Developed during the QHACKS 2023 hackathon, GuardDrive is a project that utilizes computer vision and machine learning to detect and prevent distracted driving, making roads safer for all by reducing the risk of accidents caused by distractions.
According to the CDC motor vehicle safety division, one in five car accidents is caused by a distracted driver. Distracted driving is a serious issue that affects countless individuals and families every day, many of the accidents being fatal. Our team was driven by the desire to make a real impact in reducing the number of accidents caused by this dangerous behaviour. We were inspired to take on the challenge of creating an accurate computer vision machine learning model that could detect and deter distracted driving in real-time. We call our platform: GuardDrive.
These images are from the test database, however, the demo was made to work on a computer webcam and would save a new image every few frames and give a prediction based upon that saved image. Because tests during the hackathon could not be completed in a car, the environmental queues were not detected by the model, and indications of possible overfitting became apparent.
Our model detects whether a driver is driving safely or is distracted at the wheel. There are 9 different distracted cases, which include texting while driving (right or left hand differentiation), reaching back, using the car's infotainment system, drinking, scratching, having one's head turned or being on a handheld phone call (with the right of left hand).
We used a computer's webcam to capture video simulating a driving experience as well as the different distracted driving cases. The program periodically saved images from the video and output its prediction to the console.
Using the Tensorflow and Keras libraries, I built and refined my team's model and trained it on a massive dataset of over 100,000 images provided by the State Farm insurance company, which, together, helped us to achieve a tested accuracy of 96%. The final implementation was built using PyQT for the GUI, which made it user-friendly and easy to use, although the GUI is not intended to be customer facing until a playback feature can be added.
The main challenge we encountered was recapturing test cases using the webcam from our laptops, which exposed us to the likely overfitting that happened with the large dataset used for training. Given that we did not recreate the testing environment in a car, the results given to to us were less accurate than the validation done with the test database.
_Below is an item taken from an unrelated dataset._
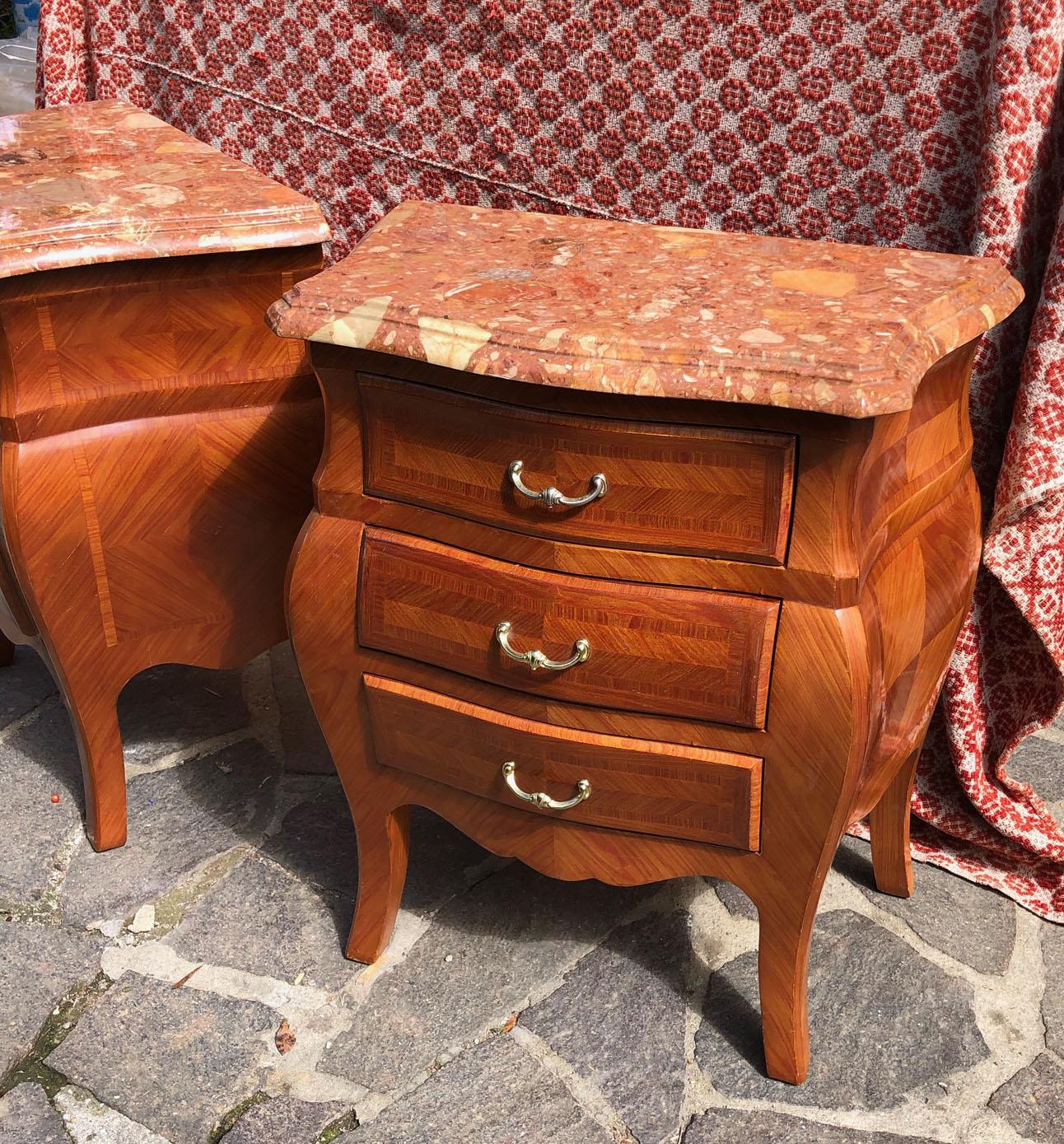 20th Century Pair Italian Night Stands Special Rose Marble 4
Our solution has the potential to revolutionize the way insurance companies monitor and reward safe driving behaviour. It can also be used by trucking companies to ensure the safety of their drivers and protect their bottom line. Additionally, it can be used by parents to give them peace of mind when their children first start driving, or anyone interested in the benefits that come with monitored driving.
More over, we:
- Achieved a tested accuracy of 96% in detecting driver distractions.
- Built a highly reliable and scalable model, capable of handling a database of over 100,000 images, demonstrating the power of computer vision in solving real-world problems.
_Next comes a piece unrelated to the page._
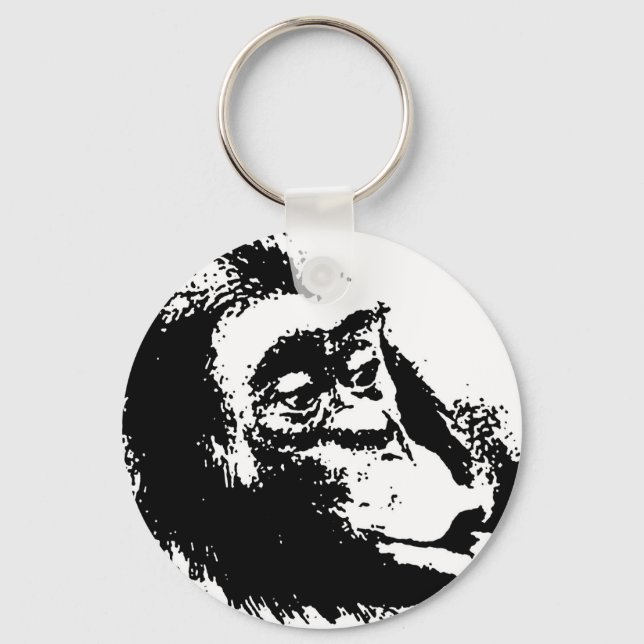Pop Art Funny Chimpanzee Key Ring (Front)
- Successfully integrated the model into a real-time application, demonstrating its potential for use in commercial systems.
- Demonstrated the effectiveness of computer vision in addressing a major problem in road safety and the potential to save lives by reducing the number of accidents caused by distracted driving.
- The model received recognition and praise from upper year mentors and volunteers during the hackathon.
- The importance of high quality data for training computer vision models.
- The challenge of detecting distraction in real-world driving scenarios.
- The potential for using computer vision to improve road safety.
- The effectiveness of transfer learning techniques in improving model accuracy.
- The limitations of current computer vision models in detecting subtle and diverse distraction behaviors.
What's next for GuardDrive? We could/hope to integrate video playback features so that interested parties can look back at flagged incidents to help better our users' driving practices and improve road safety for all.